New Invention Ideas: Fill a Need to be Successful

Design your products with the customer in mind.

People who want to invent should first find a need in the marketplace before they go inventing a product.

That thought kept nagging at me the other day as I was having a conversation with two associates about invention. We were trying to decide the best way to teach a group of students about the process of inventing. How should they start, they wanted to know. What about people who are working on these great products in their garages? How should they finance them? What if they don’t have much money? Or, what if they don’t have the resources to pay for their projects from start to finish?

I was reminded by my assistant how many people have brought products to me for review over the years that were wonderful, helpful products yet probably never will be bought or sold because they really don’t solve a problem in the marketplace that needs a solution.

All of the questions we were discussing could easily be answered if a person finds either a niche market to address for a new business, or finds a product vacancy that can be filled with an improved or new product that a manufacturer will have an immediate interest in. I’m not saying it’s easy finding a niche or coming up with solutions, but it’s more cost effective for inventors to get help from companies out there who are already in business.

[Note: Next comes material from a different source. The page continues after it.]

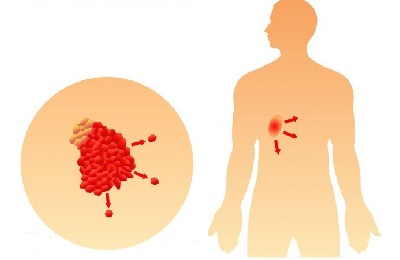 Раковая опухоль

I know this is true because this is how I have run my business. Of course, I have done projects that I was contracted to do by major corporations, developing innovative products at their request. There also have been times when I needed to develop or improve products either because I needed work to keep my company going or I simply found a product void which needed to be filled.

One example of this is a line of cookware called Masonware(r), which came about after I got my first microwave oven and tried to cook a chicken! I found there were no suitable cooking utensils available so I developed a line of microwave cookware.

Another example is the BioPot(r). After I read that most houseplants died from being overwatered and there were millions of households that had houseplants, I researched, designed and developed a flowerpot that would keep plants evenly moisturized.

I went through the whole process with both of these products – research, development and design, modeling, patenting, finding correct and cost-effective materials and, finally, finding companies who were willing to license them and have them manufactured. Both of these products were very successful.

So the point is just simply stating that you think the world needs a new widget, and designing and making one, will not make it a product that the world really wants or needs. You can’t force the marketplace. As I have said before many time, “The customer is king.” If they, the customers, are not buying, you don’t have a product. The trick is to find something that the customer will want before you set pencil to paper!